Getting started, 10% down? - Posted by Jeff

Posted by terryr on March 17, 2001 at 17:06:08:

you have got a GOOD THING - nothing wrong with what you are doing as long as property (rents) will support projects and produce POSITIVE cash flow - it is easy to buy houses no money down and still go bankrupt - i am trying to convince my wife this very thing

Getting started, 10% down? - Posted by Jeff

Posted by Jeff on March 17, 2001 at 12:37:20:

I’m just getting started investing and came into contact with a mortgage company who pre-approved me for an investor loan that requires 10% down on a property purchase. The consultant explained to me over the phone that they own properties in the rental market area I’m interested in. I also have a line of credit at my credit union which I could access for the 10% down payment. I was just wondering how feasible this type of financing sounds (for rental homes) or if I should just stick to something such as Lease/Option purchases as a beginner?
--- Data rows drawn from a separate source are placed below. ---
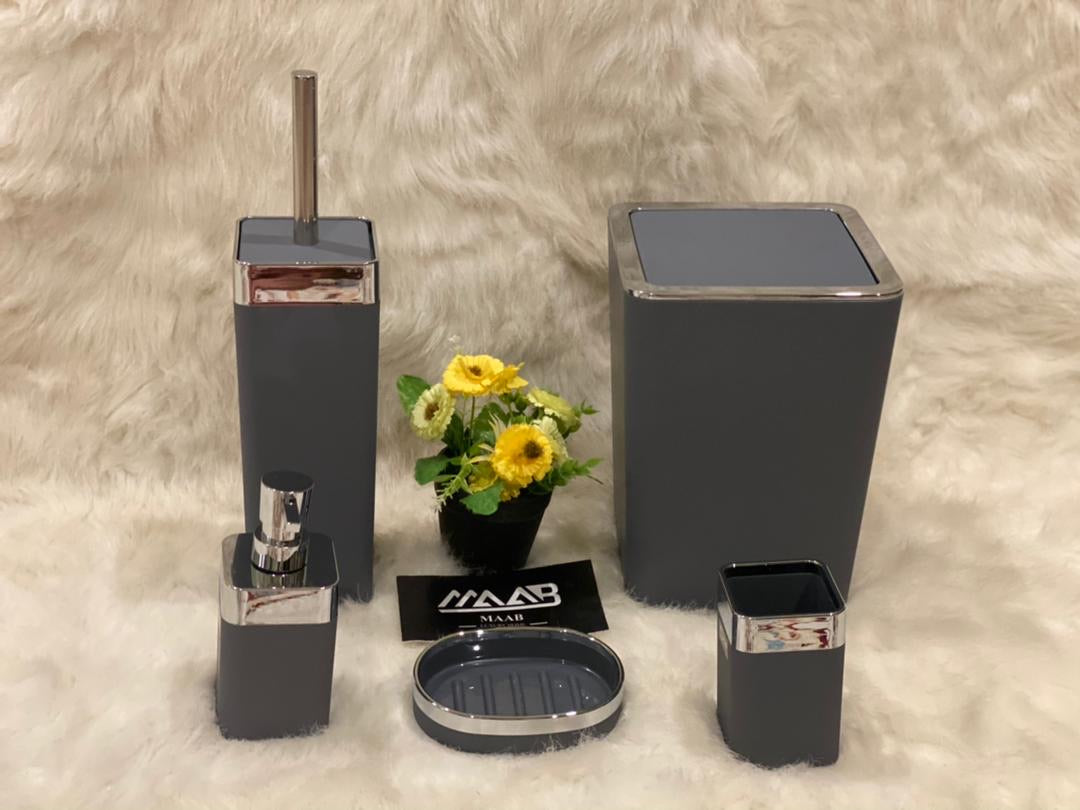 5 Piece Acrylic Bathroom Set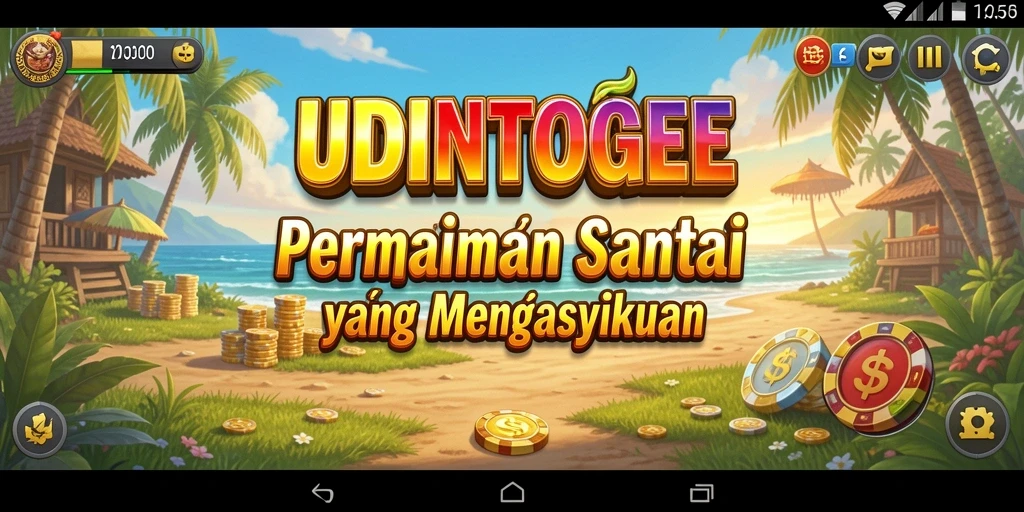 Screenshot UDINTOGEL menunjukkan gameplay yang menarik dan interaktif.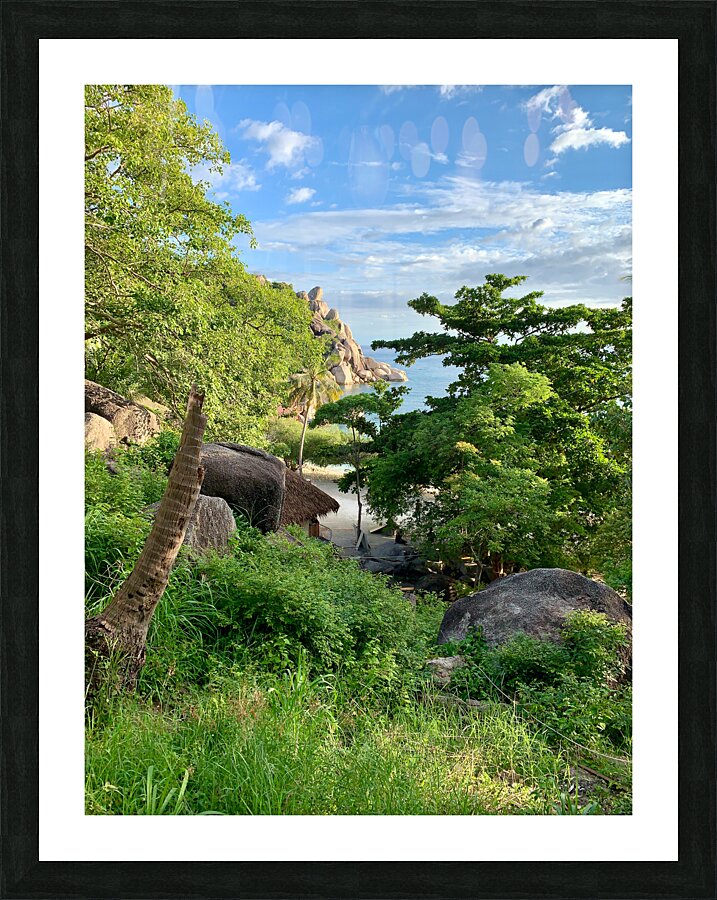 Hidden Gem Bungalow Picture Frame print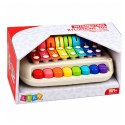Ksylofon Dziecięcy Pianinko Kolorowe Instrument Muzyczny 2w1 Pałeczka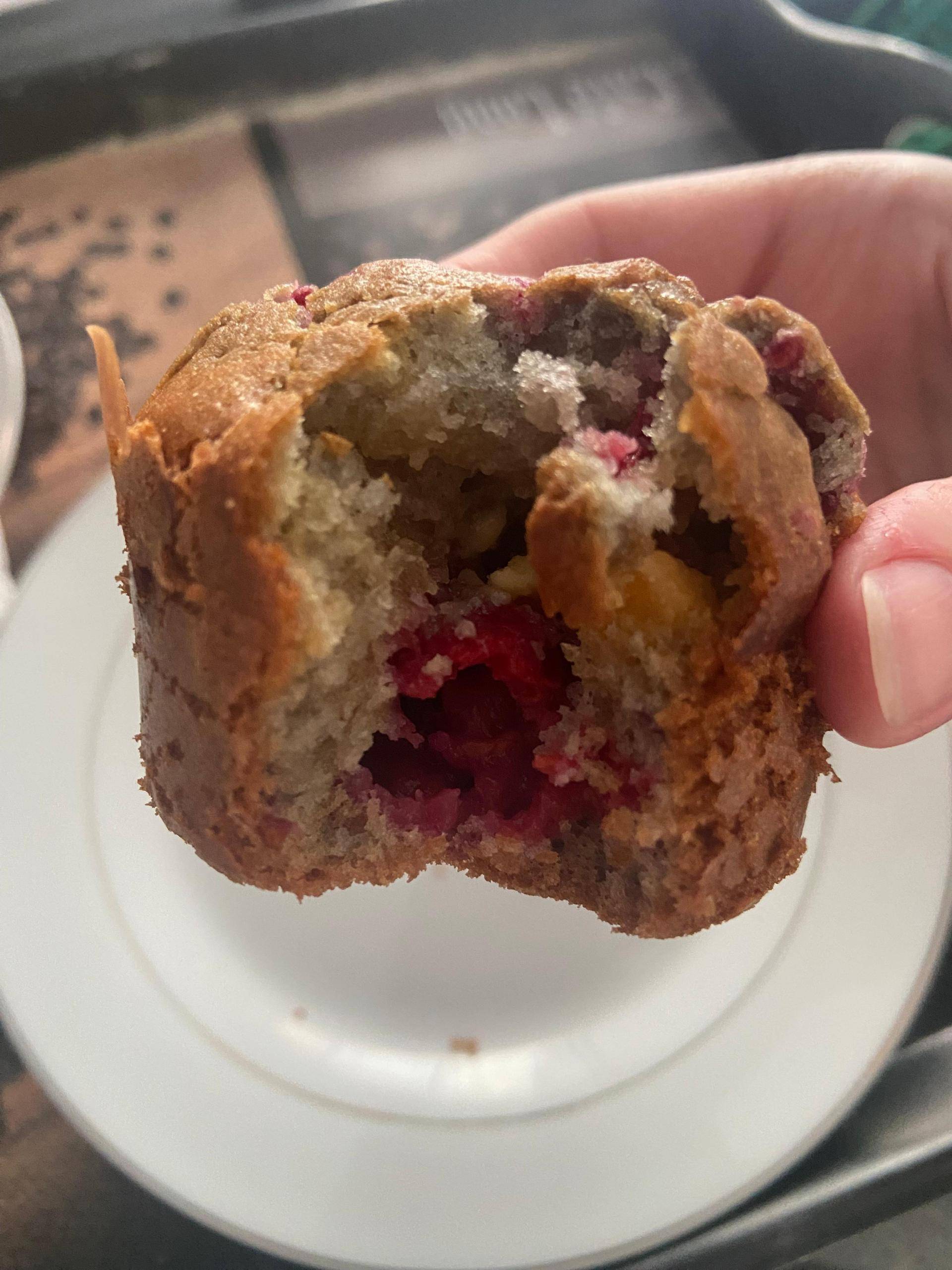 Muffin chocolat blanc framboise - Recette Cake Factory | Tefal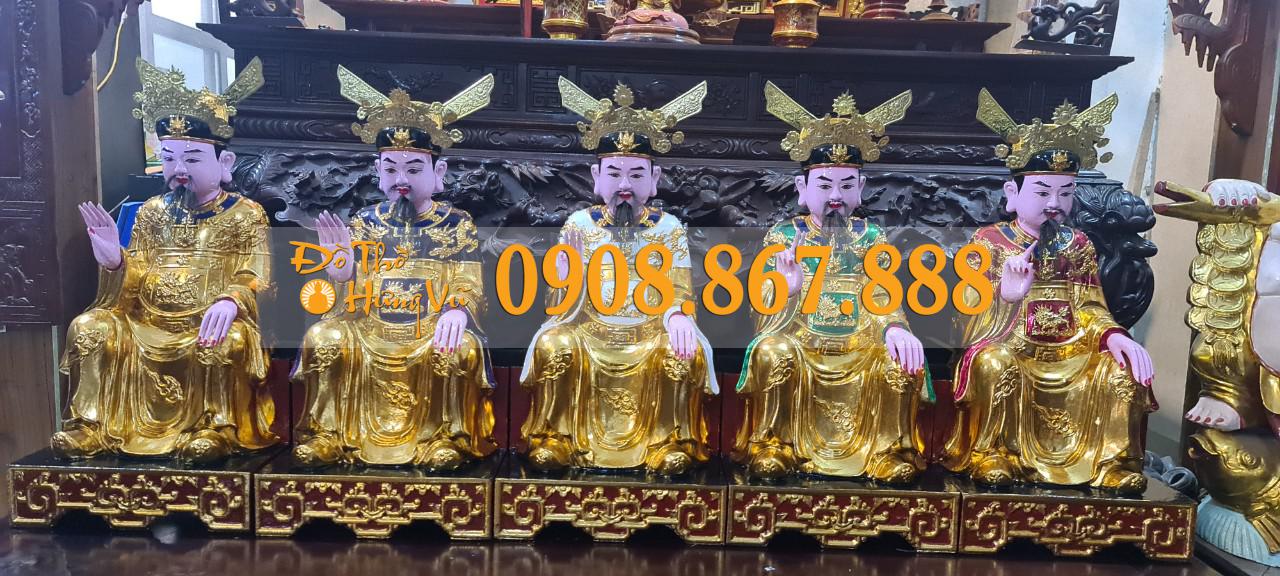 Tượng Ngũ Vị Tôn Quan Gỗ Mít Tượng Ngũ Vị Tôn Quan Gỗ Mít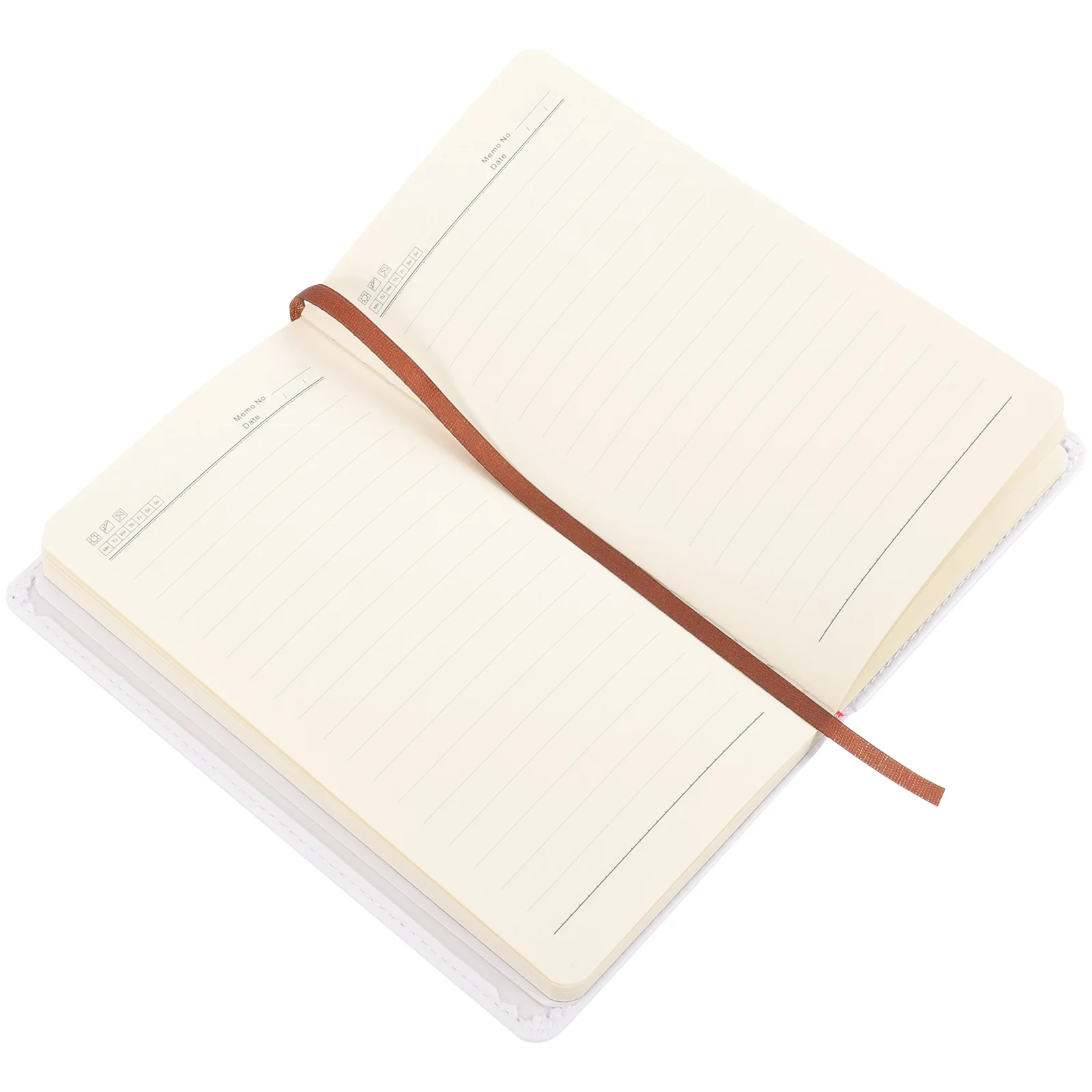 PU Blank Notepad Sublimation Notebook for Students Travelers Office Workers Thick Pages Portable Daily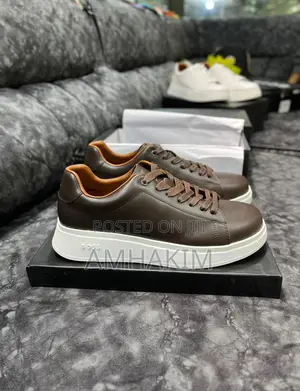 New Men’S Boss Leather Sneakes in Stock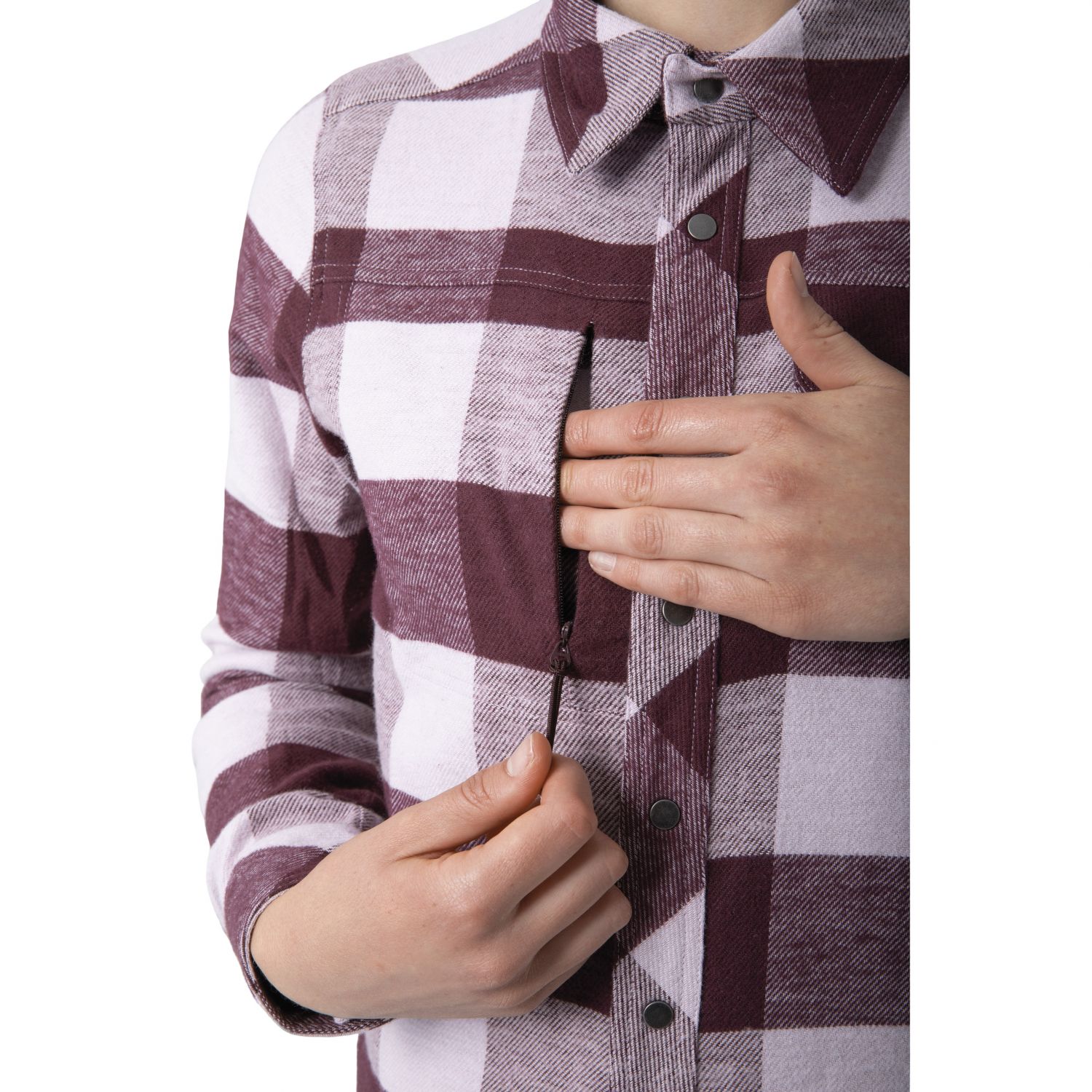 2117 of Sweden Skjortan camicia, camicia, donna, viola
Re: Getting started, 10% down? - Posted by Ed Garcia

Posted by Ed Garcia on March 18, 2001 at 09:29:59:

Jeff,

I want you to know that I am an advocate for lender financing because I feel if used properly, you will grow. However don’t think for one minute that I would turn my back on a lease/option, or would not attempt to structure all of my deals with a seller carry-back.

Jeff, many times the deal speaks for it’s self. If the seller won’t lease option or seller carry-back, and it’s a good deal, then what is there to think about. On the other hand, if the deal is a skinny deal, Meaning not enough profit, then it may not justify financing it using conforming financing because it may not be cost effective. A perfect example is a flip.
I’ve seen investors wanting to arrange financing on a flip, that didn’t warrant it because the profit wouldn’t justify the cost.

Ed Garcia

Re: Getting started, 10% down? - Posted by Scott M.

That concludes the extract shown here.